▶ [Prompt]:
Only one portion of the data is to be written out: from the line bearing "FORD Focus 2001 — imagine 10" through the line bearing "1101 Napa St — Photo 9". Write it exactly as it appears.

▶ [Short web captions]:

+-------+

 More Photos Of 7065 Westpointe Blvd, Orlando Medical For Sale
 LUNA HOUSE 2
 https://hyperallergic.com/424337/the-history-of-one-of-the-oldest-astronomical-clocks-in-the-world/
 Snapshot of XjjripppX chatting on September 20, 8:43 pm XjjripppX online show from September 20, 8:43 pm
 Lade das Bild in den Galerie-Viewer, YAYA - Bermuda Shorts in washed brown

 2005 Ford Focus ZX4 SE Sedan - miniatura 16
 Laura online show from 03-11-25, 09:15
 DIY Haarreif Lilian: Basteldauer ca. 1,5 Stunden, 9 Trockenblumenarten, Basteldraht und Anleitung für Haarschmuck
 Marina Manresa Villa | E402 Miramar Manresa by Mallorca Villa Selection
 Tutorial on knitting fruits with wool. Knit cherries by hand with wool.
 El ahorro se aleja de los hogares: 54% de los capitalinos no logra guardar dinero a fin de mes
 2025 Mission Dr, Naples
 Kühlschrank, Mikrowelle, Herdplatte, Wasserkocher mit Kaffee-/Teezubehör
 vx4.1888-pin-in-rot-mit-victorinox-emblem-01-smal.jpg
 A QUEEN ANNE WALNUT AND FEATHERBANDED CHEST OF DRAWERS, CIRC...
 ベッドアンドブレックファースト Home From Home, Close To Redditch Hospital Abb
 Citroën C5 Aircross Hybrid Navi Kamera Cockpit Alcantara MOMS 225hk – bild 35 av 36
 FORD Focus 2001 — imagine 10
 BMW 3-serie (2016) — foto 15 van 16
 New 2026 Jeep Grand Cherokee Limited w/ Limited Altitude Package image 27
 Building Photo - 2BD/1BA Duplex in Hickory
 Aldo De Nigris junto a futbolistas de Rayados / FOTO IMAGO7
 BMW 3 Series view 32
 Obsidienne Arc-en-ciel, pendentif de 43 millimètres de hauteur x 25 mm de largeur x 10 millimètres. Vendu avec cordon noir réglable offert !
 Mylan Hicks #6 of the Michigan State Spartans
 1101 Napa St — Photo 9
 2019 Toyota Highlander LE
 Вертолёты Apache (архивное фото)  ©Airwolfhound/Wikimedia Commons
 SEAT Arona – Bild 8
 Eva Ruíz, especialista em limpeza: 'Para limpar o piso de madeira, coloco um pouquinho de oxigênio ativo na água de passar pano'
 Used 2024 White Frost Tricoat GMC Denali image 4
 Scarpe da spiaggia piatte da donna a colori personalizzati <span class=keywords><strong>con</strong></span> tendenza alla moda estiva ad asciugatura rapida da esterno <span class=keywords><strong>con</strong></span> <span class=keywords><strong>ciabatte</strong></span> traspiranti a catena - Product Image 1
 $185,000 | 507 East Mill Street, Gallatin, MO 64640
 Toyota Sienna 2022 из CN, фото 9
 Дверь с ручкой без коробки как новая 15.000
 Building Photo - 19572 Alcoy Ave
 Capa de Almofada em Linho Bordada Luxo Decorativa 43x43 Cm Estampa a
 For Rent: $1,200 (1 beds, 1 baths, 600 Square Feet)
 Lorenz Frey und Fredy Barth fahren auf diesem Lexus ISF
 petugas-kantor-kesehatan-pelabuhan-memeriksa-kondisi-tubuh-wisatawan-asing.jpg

+-------+

▶ [Answer to this exercise]:
 FORD Focus 2001 — imagine 10
 BMW 3-serie (2016) — foto 15 van 16
 New 2026 Jeep Grand Cherokee Limited w/ Limited Altitude Package image 27
 Building Photo - 2BD/1BA Duplex in Hickory
 Aldo De Nigris junto a futbolistas de Rayados / FOTO IMAGO7
 BMW 3 Series view 32
 Obsidienne Arc-en-ciel, pendentif de 43 millimètres de hauteur x 25 mm de largeur x 10 millimètres. Vendu avec cordon noir réglable offert !
 Mylan Hicks #6 of the Michigan State Spartans
 1101 Napa St — Photo 9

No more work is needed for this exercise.